About this exercise>
Retype the complete listing exactly as it appears.

Dataset extract>
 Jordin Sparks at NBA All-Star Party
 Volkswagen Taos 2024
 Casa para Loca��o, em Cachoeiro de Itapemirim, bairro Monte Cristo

Solution for this exercise>
 Jordin Sparks at NBA All-Star Party
 Volkswagen Taos 2024
 Casa para Loca��o, em Cachoeiro de Itapemirim, bairro Monte Cristo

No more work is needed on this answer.